● **EXERCISE REQUIREMENTS**:
Each line below from the line with "G12 Araç Dijital" to the line with "JYSK Escritorio de" must be copied exactly, including those two, and no picture may appear in the copy.

● **PROVIDED DATA**:
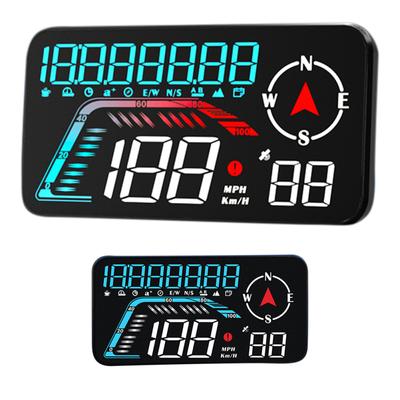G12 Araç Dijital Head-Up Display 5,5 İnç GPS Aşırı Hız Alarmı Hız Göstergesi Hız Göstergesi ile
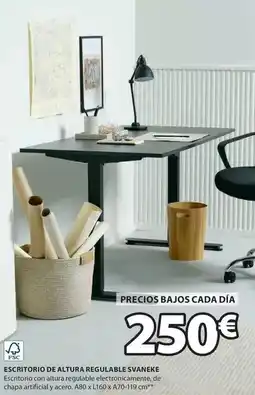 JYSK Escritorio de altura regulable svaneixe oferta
---
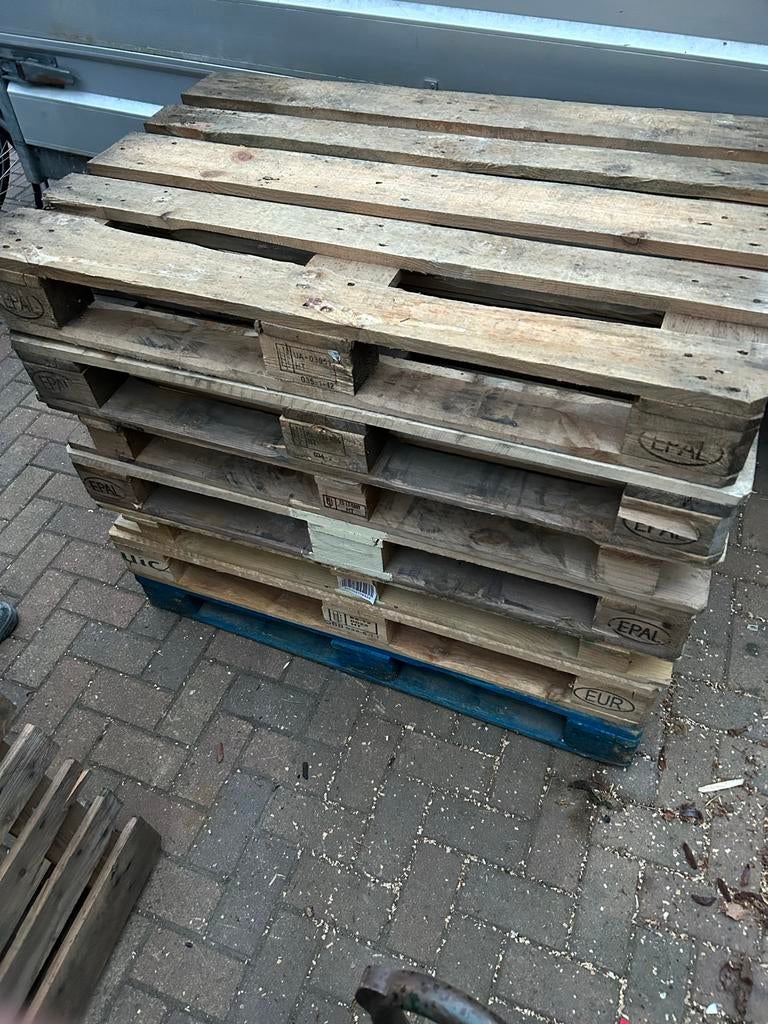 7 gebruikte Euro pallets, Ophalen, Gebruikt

● **REPLY**:
G12 Araç Dijital Head-Up Display 5,5 İnç GPS Aşırı Hız Alarmı Hız Göstergesi Hız Göstergesi ile
 JYSK Escritorio de altura regulable svaneixe oferta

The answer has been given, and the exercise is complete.